## Black Holes No More? Not Quite.

by Brian KoberleinNature News has announced that there are no black holes. This claim is made by none other than Stephen Hawking, so does this mean black holes are no more? It depends on whether Hawking’s new idea is right, and on what you mean be a black hole. The claim is based on a new paper by Hawking that argues the event horizon of a black hole doesn’t exist.

The event horizon of a black hole is basically the point of no return when approaching a black hole. In Einstein’s theory of general relativity, the event horizon is where space and time are so warped by gravity that you can never escape. Cross the event horizon and you can only move inward, never outward. The problem with a one-way event horizon is that it leads to what is known as the information paradox.

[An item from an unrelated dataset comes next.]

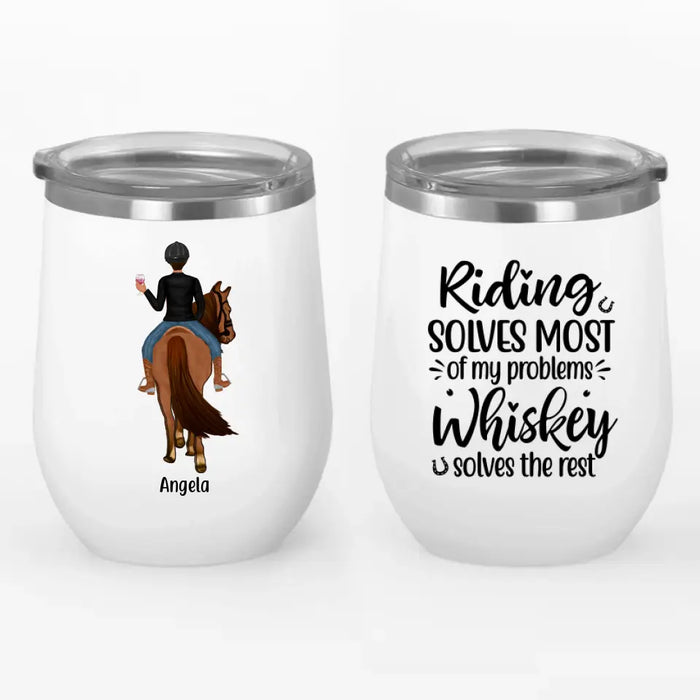 Personalized Wine Tumbler, Girl Riding Horse Mule and Drinking, Gift for Horse Lover, Mule Rider and Drinker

The information paradox has its origin in thermodynamics, specifically the second law of thermodynamics. In its simplest form it can be summarized as “heat flows from hot objects to cold objects”. But the law is more useful when it is expressed in terms of entropy. In this way it is stated as “the entropy of a system can never decrease.” Many people interpret entropy as the level of disorder in a system, or the unusable part of a system. That would mean things must always become less useful over time. But entropy is really about the level of information you need to describe a system. An ordered system (say, marbles evenly spaced in a grid) is easy to describe because the objects have simple relations to each other. On the other hand, a disordered system (marbles randomly scattered) take more information to describe, because there isn’t a simple pattern to them. So when the second law says that entropy can never decrease, it is say that the physical information of a system cannot decrease. In other words, information cannot be destroyed.

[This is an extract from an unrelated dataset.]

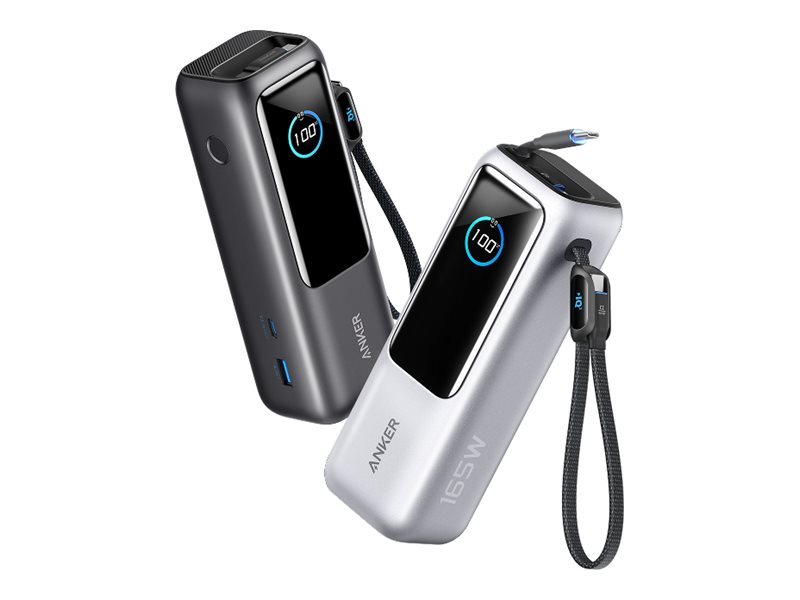 Anker - Powerbank - built-in retractable cable - 25000 mAh - 165 Watt - sølv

The problem with event horizons is that you could toss an object (with a great deal of entropy) into a black hole, and the entropy would simply go away. In other words, the entropy of the universe would get smaller, which would violate the second law of thermodynamics. Of course this doesn’t take into account quantum effects, specifically what is known as Hawking radiation, which Stephen Hawking first proposed in 1974.

The original idea of Hawking radiation stems from the uncertainty principle in quantum theory. In quantum theory there are limits to what can be known about an object. For example, you cannot know an object’s exact energy. Because of this uncertainty, the energy of a system can fluctuate spontaneously, so long as its average remains constant. What Hawking demonstrated is that near the event horizon of a black hole pairs of particles can appear, where one particle becomes trapped within the event horizon (reducing the black holes mass slightly) while the other can escape as radiation (carrying away a bit of the black hole’s energy).

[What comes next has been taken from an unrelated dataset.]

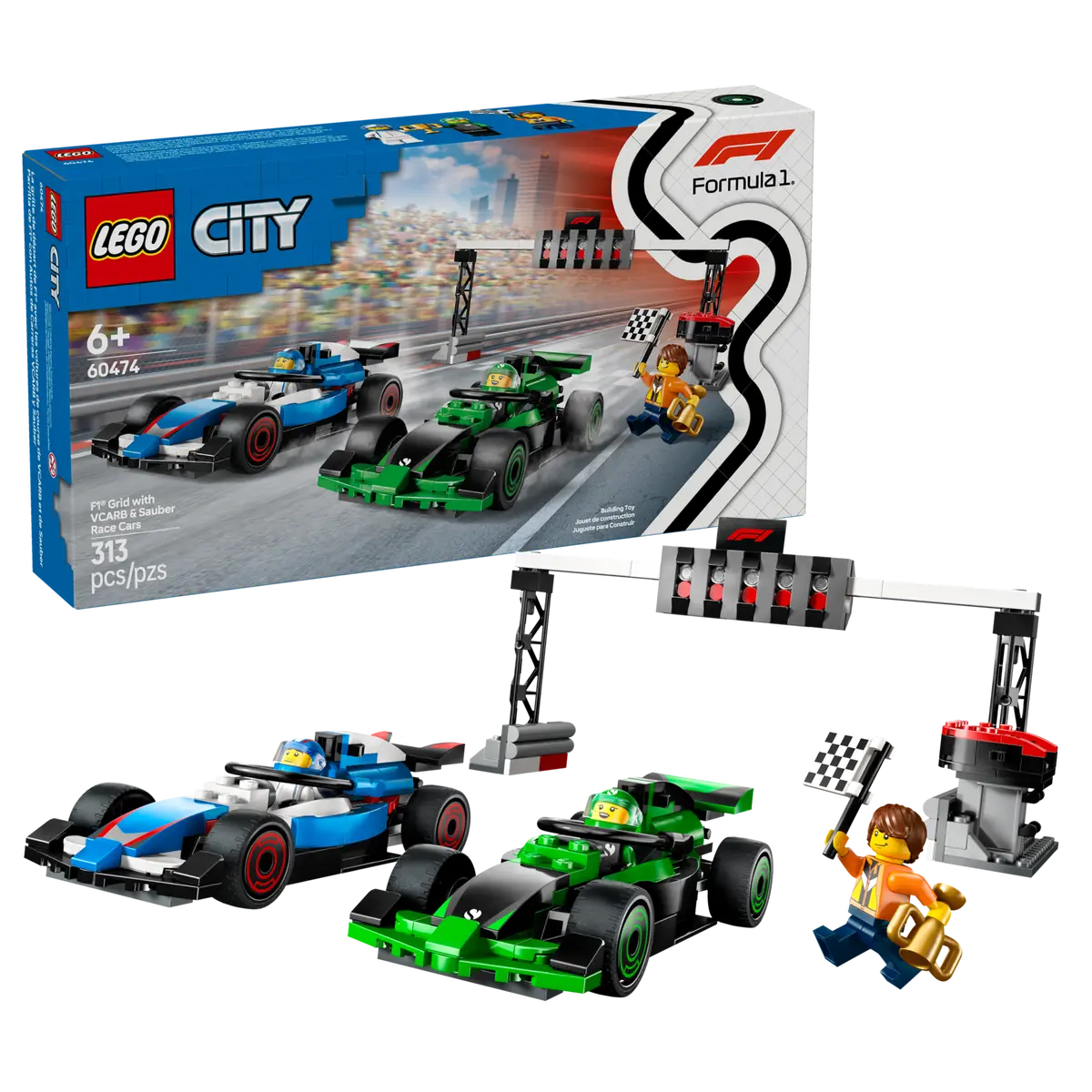 LEGO City F1 Grid with VCARB & Sauber Race Cars 313 Pieces Multicolour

Because these quantum particles appear in pairs, they are “entangled” (connected in a quantum way). This doesn’t matter much, unless you want Hawking radiation to radiate the information contained within the black hole. In Hawking’s original formulation, the particles appeared randomly, so the radiation emanating from the black hole was purely random. Thus Hawking radiation would not allow you to recover any trapped information.

To allow Hawking radiation to carry information out of the black hole, the entangled connection between particle pairs must be broken at the event horizon, so that the escaping particle can instead be entangled with the information-carrying matter within the black hole. This breaking of the original entanglement would make the escaping particles appear as an intense “firewall” at the surface of the event horizon. This would mean that anything falling toward the black hole wouldn’t make it into the black hole. Instead it would be vaporized by Hawking radiation when it reached the event horizon. It would seem then that either the physical information of an object is lost when it falls into a black hole (information paradox) or objects are vaporized before entering a black hole (firewall paradox).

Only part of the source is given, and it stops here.